Material to process Start Marker

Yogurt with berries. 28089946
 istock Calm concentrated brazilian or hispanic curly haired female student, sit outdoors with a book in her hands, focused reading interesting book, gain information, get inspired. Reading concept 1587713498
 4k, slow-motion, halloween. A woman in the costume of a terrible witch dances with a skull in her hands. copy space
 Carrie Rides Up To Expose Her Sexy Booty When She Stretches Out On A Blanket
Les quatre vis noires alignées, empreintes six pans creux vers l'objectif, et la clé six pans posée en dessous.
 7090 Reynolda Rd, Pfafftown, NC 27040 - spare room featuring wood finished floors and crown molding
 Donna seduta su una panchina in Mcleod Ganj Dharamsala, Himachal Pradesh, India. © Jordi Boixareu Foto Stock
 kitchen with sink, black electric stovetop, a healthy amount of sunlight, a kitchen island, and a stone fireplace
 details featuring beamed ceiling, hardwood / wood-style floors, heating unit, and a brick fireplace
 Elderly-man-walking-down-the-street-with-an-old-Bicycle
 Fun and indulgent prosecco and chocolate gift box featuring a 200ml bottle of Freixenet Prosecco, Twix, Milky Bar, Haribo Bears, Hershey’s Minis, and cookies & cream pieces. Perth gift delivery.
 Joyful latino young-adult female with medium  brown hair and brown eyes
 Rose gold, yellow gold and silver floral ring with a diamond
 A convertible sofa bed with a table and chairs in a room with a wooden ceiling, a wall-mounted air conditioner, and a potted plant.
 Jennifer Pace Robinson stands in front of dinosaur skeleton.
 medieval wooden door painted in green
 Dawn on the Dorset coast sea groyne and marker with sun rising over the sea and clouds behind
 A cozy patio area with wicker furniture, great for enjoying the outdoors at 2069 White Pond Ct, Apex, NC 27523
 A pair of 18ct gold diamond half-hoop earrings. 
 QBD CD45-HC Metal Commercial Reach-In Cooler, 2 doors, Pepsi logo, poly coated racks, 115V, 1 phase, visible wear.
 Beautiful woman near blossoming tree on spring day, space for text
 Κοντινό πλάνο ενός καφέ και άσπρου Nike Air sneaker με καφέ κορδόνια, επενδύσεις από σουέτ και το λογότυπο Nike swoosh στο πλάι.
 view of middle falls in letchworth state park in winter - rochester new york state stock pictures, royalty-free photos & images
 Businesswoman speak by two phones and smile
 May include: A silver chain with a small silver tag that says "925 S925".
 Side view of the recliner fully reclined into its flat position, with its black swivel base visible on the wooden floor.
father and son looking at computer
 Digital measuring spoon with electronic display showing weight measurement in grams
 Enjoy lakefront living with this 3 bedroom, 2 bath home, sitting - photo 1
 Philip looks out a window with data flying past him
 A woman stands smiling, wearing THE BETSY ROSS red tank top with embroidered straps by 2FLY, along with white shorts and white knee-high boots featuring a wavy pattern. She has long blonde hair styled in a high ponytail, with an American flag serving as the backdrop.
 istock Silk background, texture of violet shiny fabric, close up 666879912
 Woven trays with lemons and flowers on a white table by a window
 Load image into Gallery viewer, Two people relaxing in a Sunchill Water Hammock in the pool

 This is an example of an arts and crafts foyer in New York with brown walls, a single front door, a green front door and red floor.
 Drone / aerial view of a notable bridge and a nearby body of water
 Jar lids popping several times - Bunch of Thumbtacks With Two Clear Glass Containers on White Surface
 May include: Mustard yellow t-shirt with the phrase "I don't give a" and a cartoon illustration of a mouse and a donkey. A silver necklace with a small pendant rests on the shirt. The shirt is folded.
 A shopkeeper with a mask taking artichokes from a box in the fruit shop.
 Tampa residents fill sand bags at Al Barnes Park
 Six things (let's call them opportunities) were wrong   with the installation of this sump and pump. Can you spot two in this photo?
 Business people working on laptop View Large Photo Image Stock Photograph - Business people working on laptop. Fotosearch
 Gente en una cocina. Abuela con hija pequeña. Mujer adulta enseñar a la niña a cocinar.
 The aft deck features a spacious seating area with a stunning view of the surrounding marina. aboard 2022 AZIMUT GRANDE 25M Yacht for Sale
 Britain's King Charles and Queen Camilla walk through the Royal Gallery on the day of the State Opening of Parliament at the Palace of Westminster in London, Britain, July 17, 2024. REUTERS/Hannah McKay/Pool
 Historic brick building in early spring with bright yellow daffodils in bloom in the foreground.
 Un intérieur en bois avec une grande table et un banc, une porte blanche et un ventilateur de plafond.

Material to process End Marker

● What you should do
Above this instruction are the records; retype exactly the lines from the one containing "Fun and indulgent" up to and including the one containing "medieval wooden door painted in green".

● Response box
 Fun and indulgent prosecco and chocolate gift box featuring a 200ml bottle of Freixenet Prosecco, Twix, Milky Bar, Haribo Bears, Hershey’s Minis, and cookies & cream pieces. Perth gift delivery.
 Joyful latino young-adult female with medium  brown hair and brown eyes
 Rose gold, yellow gold and silver floral ring with a diamond
 A convertible sofa bed with a table and chairs in a room with a wooden ceiling, a wall-mounted air conditioner, and a potted plant.
 Jennifer Pace Robinson stands in front of dinosaur skeleton.
 medieval wooden door painted in green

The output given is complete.